--- Given material ---
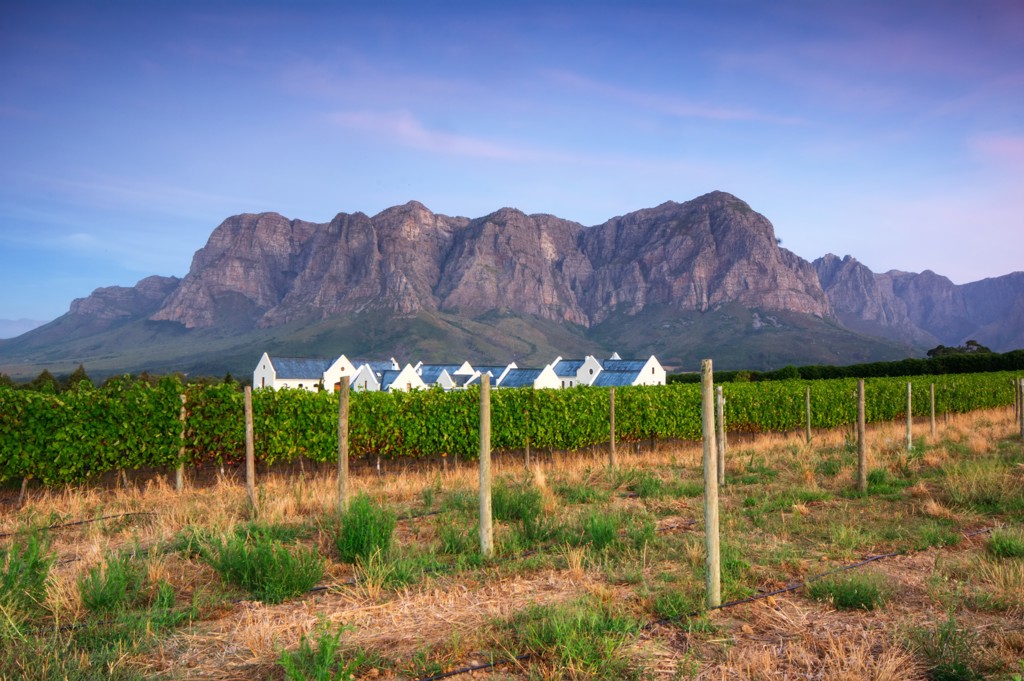 Wijngaarden met witte boerderijen aan de voet van de bergen bij Stellenbosch, Zuid-Afrika.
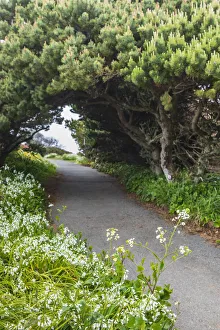 Images Dated 8th September 2021: Bandon, Oregon, USA. Evergreen trees creating a tunnel over a path on the Oregon coast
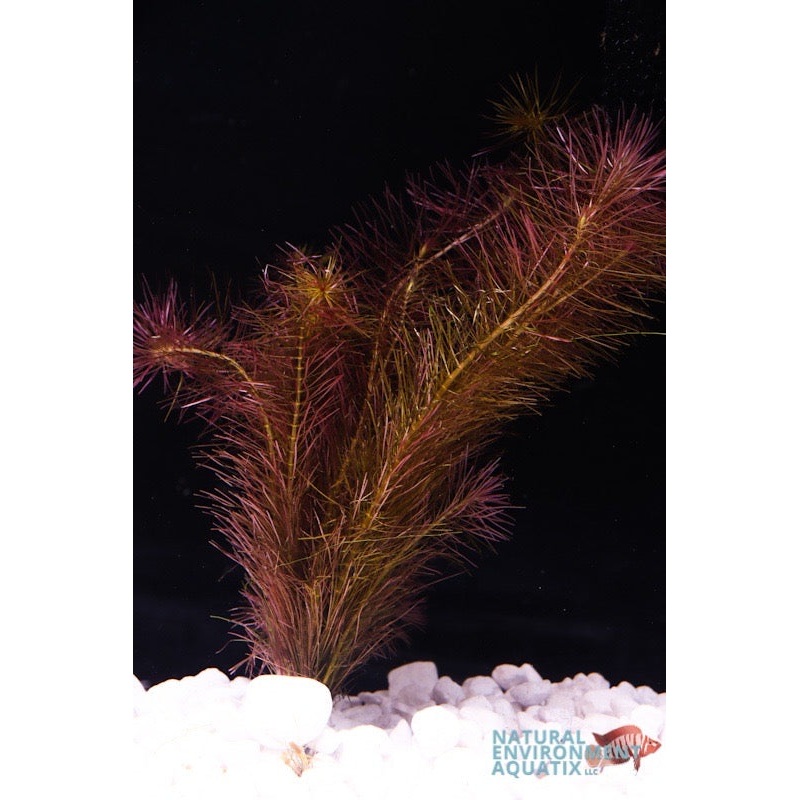 Rotala Wallichii Plant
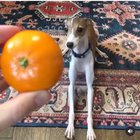 Dog is scared of citrus fruit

--- Exercise directions ---
Could you repeat word for word only the lines from the one that contains "Images Dated 8th" through the end of the listing, leaving out the pictures?

--- Task solution ---
 Images Dated 8th September 2021: Bandon, Oregon, USA. Evergreen trees creating a tunnel over a path on the Oregon coast
 Rotala Wallichii Plant
 Dog is scared of citrus fruit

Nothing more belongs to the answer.